Traditionally, the parts arm's main task was manufacturing more than 10 million combustion engines and transmissions a year. But as VW shifts to electric powertrains, that volume will have to be completely wound down by around 2040 — without causing a sustained hit to earnings.

According to sources, VW Group Components earns, on average, an operating margin of 4 to 5 percent, depending on the product. A tenth of its work force is slated to be eliminated in the next four years to protect that profitability. But a labor pact in Germany means layoffs at its high-wage sites in the country are not an option through the next decade.

Schmall declined to confirm VW Group Components' margin but said his aim remains to achieve the strategic target margin set by his bosses: 6 percent.

While he predicted suppliers making the shift to EVs would find it difficult to boost returns to more than 10 percent, he said VW could rely on growing volumes to help it through the transition.

"By 2025, our site in Kassel plans to manufacture up to 1 million electric drivetrains, making us one of the largest suppliers in the market. With those kinds of volumes, you shape the global competitive landscape," Schmall said.

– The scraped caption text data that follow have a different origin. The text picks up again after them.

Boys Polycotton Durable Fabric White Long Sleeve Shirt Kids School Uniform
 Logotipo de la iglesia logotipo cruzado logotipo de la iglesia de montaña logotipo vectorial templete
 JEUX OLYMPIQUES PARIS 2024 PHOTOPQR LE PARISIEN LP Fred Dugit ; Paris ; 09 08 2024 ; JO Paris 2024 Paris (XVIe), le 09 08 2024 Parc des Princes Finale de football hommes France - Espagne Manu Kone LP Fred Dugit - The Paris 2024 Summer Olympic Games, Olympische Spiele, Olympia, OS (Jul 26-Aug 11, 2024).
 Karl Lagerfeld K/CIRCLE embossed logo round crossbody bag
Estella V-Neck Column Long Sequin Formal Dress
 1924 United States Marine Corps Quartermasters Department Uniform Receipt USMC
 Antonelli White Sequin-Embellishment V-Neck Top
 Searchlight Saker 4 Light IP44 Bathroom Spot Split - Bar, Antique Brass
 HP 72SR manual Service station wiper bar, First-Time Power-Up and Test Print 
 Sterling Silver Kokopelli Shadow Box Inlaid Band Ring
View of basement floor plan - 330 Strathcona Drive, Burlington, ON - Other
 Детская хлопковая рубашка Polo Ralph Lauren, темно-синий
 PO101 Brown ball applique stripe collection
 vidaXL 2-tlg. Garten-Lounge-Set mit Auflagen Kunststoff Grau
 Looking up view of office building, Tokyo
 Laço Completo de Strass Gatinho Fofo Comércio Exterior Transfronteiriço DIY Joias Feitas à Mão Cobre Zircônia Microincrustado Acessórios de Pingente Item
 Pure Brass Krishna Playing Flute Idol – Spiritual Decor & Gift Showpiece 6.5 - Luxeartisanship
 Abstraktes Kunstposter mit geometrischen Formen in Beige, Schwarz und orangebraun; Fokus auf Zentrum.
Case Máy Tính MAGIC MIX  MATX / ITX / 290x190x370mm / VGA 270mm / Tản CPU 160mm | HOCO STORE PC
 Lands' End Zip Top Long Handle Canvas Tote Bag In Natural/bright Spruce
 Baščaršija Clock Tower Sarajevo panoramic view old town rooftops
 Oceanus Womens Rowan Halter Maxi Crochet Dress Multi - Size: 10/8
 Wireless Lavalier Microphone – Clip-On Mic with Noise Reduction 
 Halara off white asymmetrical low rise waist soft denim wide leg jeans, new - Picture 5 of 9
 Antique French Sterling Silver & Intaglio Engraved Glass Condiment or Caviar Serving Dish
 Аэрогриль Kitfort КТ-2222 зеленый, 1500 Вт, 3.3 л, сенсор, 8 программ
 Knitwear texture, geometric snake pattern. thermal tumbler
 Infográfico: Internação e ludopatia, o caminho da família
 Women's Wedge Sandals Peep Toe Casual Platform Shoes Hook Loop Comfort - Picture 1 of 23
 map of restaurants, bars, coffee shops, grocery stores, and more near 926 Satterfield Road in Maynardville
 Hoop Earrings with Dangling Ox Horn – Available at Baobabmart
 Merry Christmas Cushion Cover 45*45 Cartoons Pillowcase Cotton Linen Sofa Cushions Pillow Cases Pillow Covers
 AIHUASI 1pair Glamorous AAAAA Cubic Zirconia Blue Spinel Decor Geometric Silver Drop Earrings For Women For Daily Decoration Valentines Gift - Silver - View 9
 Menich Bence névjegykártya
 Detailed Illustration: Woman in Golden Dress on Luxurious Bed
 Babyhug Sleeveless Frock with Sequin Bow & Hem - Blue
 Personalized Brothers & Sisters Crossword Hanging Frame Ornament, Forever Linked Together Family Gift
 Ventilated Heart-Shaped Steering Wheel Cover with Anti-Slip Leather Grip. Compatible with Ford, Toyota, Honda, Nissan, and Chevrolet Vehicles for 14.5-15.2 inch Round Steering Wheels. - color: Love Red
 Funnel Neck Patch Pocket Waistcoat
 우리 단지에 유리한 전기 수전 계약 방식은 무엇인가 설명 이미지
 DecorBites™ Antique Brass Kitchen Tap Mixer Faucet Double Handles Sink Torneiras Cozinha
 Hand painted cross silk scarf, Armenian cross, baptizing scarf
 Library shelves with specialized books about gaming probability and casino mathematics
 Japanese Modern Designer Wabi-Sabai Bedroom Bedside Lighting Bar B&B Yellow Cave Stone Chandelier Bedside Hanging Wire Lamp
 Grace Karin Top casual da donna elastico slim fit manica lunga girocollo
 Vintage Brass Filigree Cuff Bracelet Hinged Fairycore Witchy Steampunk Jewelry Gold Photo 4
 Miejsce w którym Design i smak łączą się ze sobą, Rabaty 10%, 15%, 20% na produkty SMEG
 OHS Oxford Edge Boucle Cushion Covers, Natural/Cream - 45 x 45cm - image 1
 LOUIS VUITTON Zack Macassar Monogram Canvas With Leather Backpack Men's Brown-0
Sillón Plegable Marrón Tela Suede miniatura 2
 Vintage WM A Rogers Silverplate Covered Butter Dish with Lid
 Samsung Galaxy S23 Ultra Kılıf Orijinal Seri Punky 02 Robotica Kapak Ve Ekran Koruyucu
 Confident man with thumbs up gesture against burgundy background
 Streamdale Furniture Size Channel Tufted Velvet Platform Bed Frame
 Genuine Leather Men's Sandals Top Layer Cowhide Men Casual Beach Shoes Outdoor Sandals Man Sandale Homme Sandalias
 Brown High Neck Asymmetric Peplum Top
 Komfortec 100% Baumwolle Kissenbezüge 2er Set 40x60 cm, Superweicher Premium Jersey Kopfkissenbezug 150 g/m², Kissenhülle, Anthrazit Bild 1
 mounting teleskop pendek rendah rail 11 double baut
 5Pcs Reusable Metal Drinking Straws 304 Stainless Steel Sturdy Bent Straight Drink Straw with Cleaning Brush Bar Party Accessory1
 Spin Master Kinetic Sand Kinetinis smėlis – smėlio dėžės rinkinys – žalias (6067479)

The VW manager plans to invest about $3.96 billion through 2023 in the business's EV component operations, but that means funds will be limited elsewhere. To address that challenge, he made a deal to combine VW's conventional steering business with Japan's NSK to share costs. This will allow the operation to focus on the steer-by-wire technology needed to address another megatrend: the move toward self-driving cars.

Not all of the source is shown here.